Nous avons dîné dans un bar sur le port. Quelques huîtres iodées, du hareng fumé, un vin blanc sec qui collait au palais avec une belle énergie. Il y avait si peu de monde en cette saison basculant déjà dans les rigueurs hivernales. Quelques bateaux accostant aux quais de pierre, de rares passants pressés de rentrer chez eux, un chien en déroute fouettant l'air de sa queue. Et si peu de bruit qu'on aurait cru être sur une île avec des vagues blanches autour et la côte si loin, pareille à un fanal perdu dans les brumes. Missionnée par la Ville pour me servir de guide. Une fille parmi d'autres conduisant les étrangers au milieu des curiosités à découvrir, des images d'Épinal à archiver dans quelque lieu secret de la mémoire.
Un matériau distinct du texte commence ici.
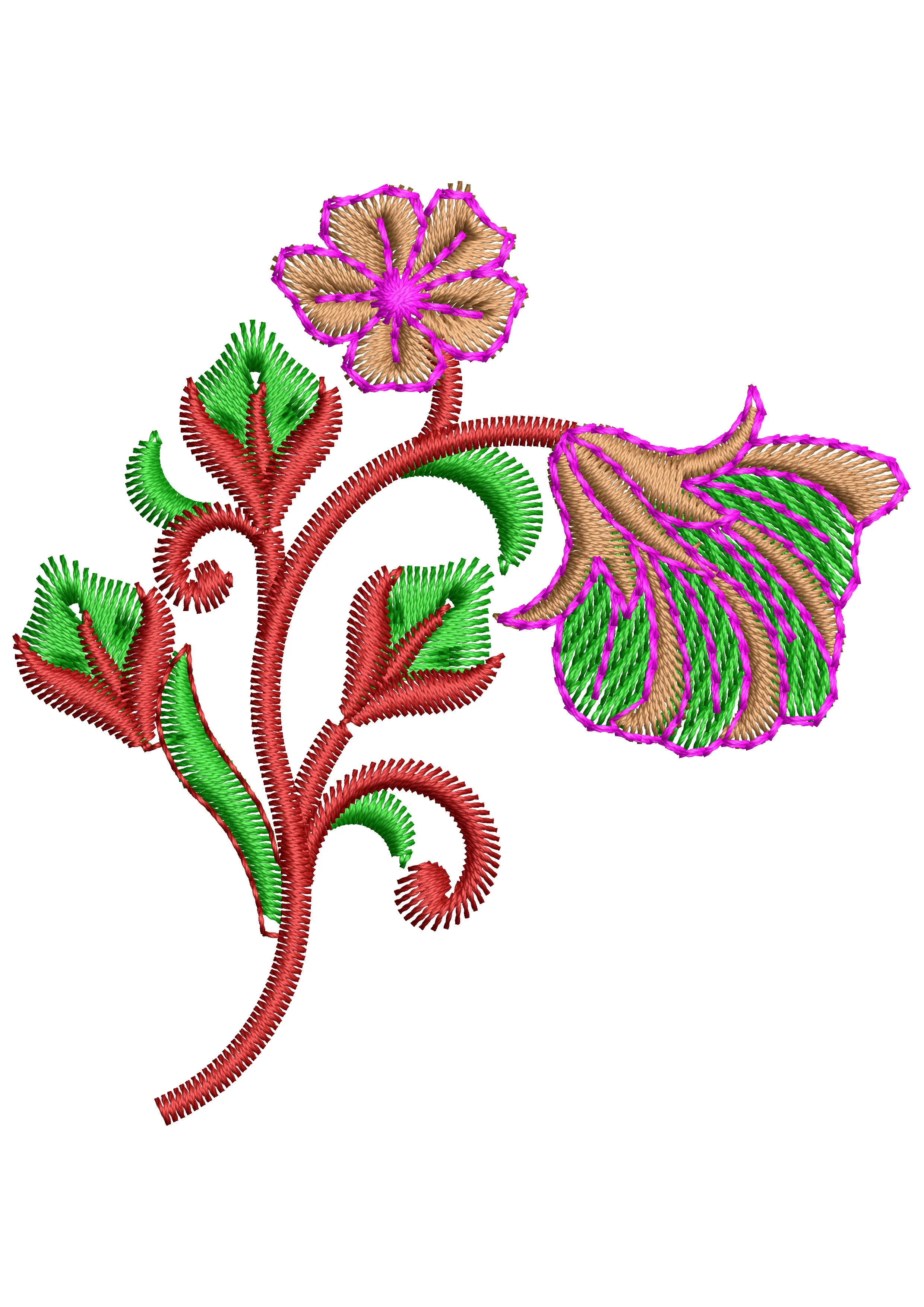F Branch Embroidery Design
Nous fumions distraitement, regards perdus au loin, quelque part du côté de la côte sauvage comme si, de ce genre d'absolu, nous avions pu tirer un enseignement, déduire une conduite qui nous eût épargné des questions qui, nécessairement, resteraient sans réponse. Demain serait un autre jour, un étranger prendrait ma place que vous conduiriez aux mêmes endroits, avec vos drôles de commentaires flottant dans le vent, avec les mêmes mimiques réservées qui semblaient vous installer dans une manière de sérénité en même temps que de mystère. Parfois, je vous observais à la dérobée, votre beau profil se détachant sur le sombre des ruelles, dans un air pris de fumée. Vous sembliez tellement inaccessible, comme demeurant en arrière de vous, cette même attitude que, plus tard, vous retrouvant, je reconnaissais pour être vôtre, dans votre grande maison, sous la fraîcheur d'une lumière d'opaline, étirant vos bras, cambrant votre bassin d'une façon qui, étrangement, n'avait rien d'impudique, alors que le dôme de votre épaule brillait sous la clarté et que votre visage en quête d'inconnu laissait apercevoir le masque d'une pure beauté.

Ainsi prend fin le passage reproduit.